Segment Start: Input records

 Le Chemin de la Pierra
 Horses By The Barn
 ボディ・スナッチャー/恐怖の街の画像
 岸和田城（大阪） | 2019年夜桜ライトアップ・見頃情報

Segment End: Input records
Segment Start: Input records

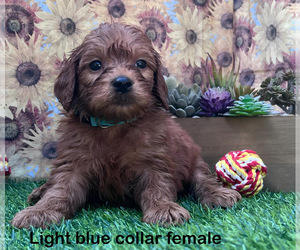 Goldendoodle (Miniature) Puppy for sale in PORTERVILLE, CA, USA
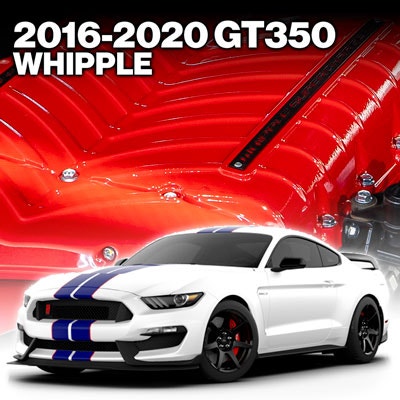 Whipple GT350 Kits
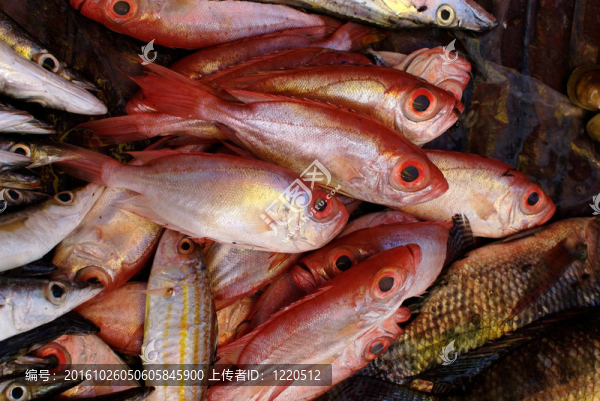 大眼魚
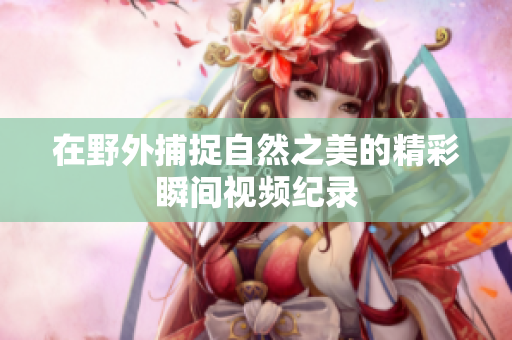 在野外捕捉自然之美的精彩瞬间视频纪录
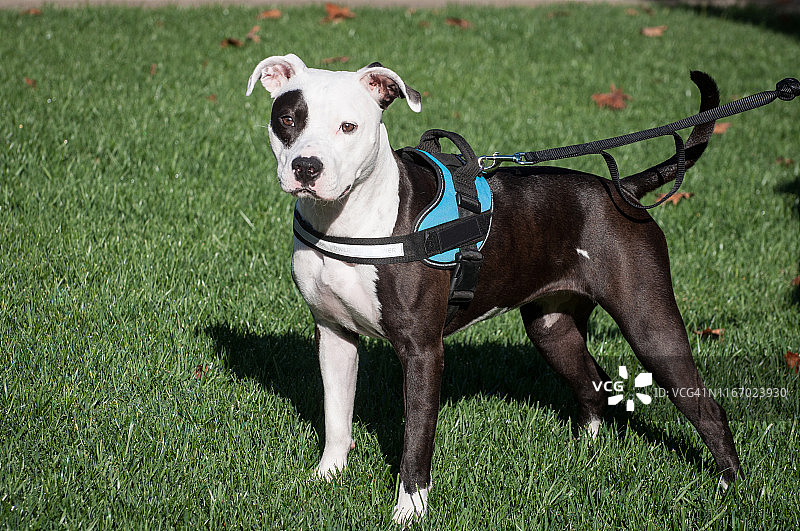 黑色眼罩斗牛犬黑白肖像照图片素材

Segment End: Input records

**To do:** In the listing above, find the line with "Whipple GT350 Kits" and output it and every line after it up to and including the line with "黑色眼罩斗牛犬黑白肖像照图片素材", exactly, minus the pictures.

**Result:**
 Whipple GT350 Kits
 大眼魚
 在野外捕捉自然之美的精彩瞬间视频纪录
 黑色眼罩斗牛犬黑白肖像照图片素材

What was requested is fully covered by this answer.